Though pleased with the presidential candidates it produced, the national Republican and Democratic parties are unhappy with the primary system that produced them. The accelerated packing of key primaries — called front-loading — into the first month of what is supposed to be a four-month nominating process turned what should have been a deliberative and unifying marathon into a hectic and divisive sprint.
The GOP has taken the first step toward reform. Its Rules Committee this week endorsed a plan that would group the states into three population classes of small, midsize and large which would vote in that order in a primary season running from February to May. This plan addresses one of the major problems in the current free-for-all system — the increasing irrelevancy of small states — and it has a good chance of passage at the Republican national convention this summer — states that conceivably would gain clout hold about two-thirds of the delegates.

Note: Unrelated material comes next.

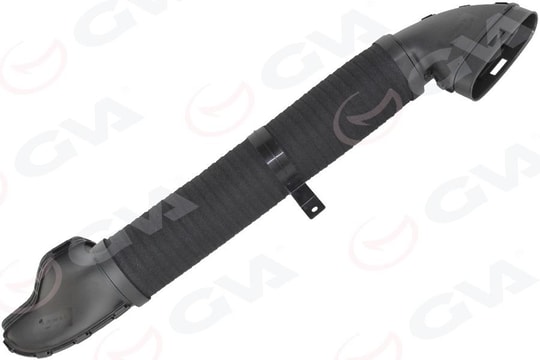 GVAHava Emıs Hortumu M271 Kompressor Mercedes C-Class W203 04 07 Cl203 02 08 S203 04 07GVA 9107204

Officially, Democratic leaders have taken no position on primary reform. They fought this battle back in the 1970s, when front-loading began, and got scolded by Republicans for trying to thwart the GOP’s rising influence in the fast-growing Sun Belt. Unofficially, Democratic leaders say they’ll gladly let Republicans take the heat this time and enter into bipartisan talks on the matter after the November election.
The Republican proposal isn’t bad. It is certainly better than another leading contender in the reform sweepstakes, the one-day national primary. The only upside to that recipe for more sound-bite politics would be its merciful brevity, but it’s no way to pick the two leading contenders for leader of the Free World.

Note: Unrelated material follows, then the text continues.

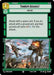 Tandem Assault (124/257) [Jump to Lightspeed] - for just $0.10!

The Republican proposal is not, however, as good as the one presented to the National Governors Conference in March by the National Association of Secretaries of State calling for regional primaries. Under that plan, which still has some strong adherents on the GOP Rules Committee, the states would be grouped into four geographic regions, with each region holding its primaries and caucuses in a given month — March, April, May or June — and with the regions rotating months every four years.
That plan has several advantages. It faces the reality that the amount of attention a state receives from candidates will always be proportional to its delegate count, regardless of when the primary is held. It correctly recognizes that states are bound together more by regional issues than by population — Mainers, for example, will learn more about candidates who spend a month wooing voters in Massachusetts, Connecticut and New York than they will about candidates flitting from Mississippi to South Dakota to Alaska. It, by virtue of being devised by secretaries of state from both parties, already has a bipartisan stamp of approval.

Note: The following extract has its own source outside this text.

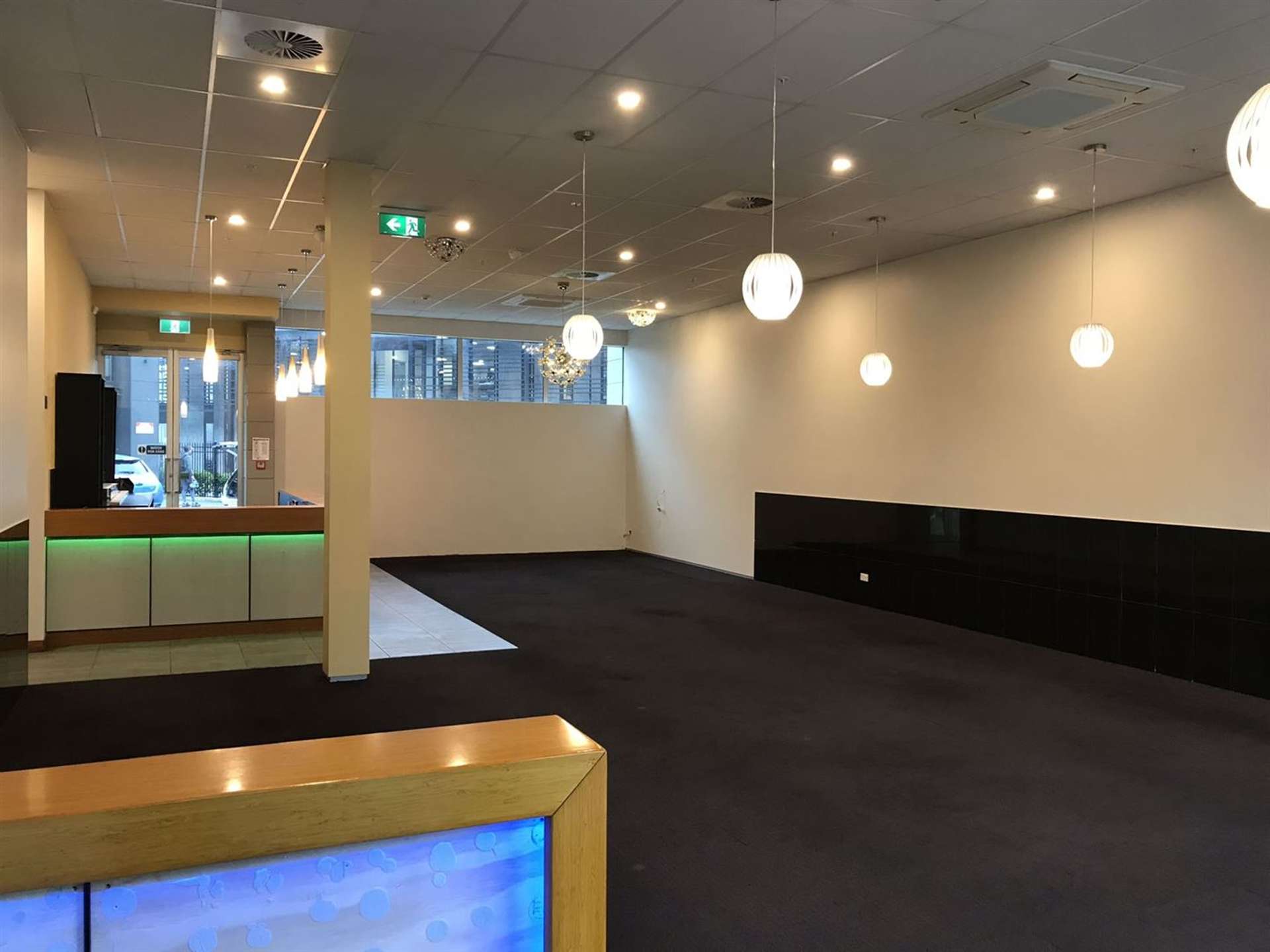 53 Victoria Street Christchurch Central_0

In its early days, front-loading was envisioned as an efficient way to get the nominating out of the way so the nominees would have more time to define themselves for the electorate — that is, more time to attack each other. The reality of 30 years of front-loading is shrinking voter participation, candidacies decided before candidate positions are known and “quick-strike” primary campaigns that leave inter-party wounds that never heal. The GOP proposal may not be the best fix, but at least it recognizes something is broken.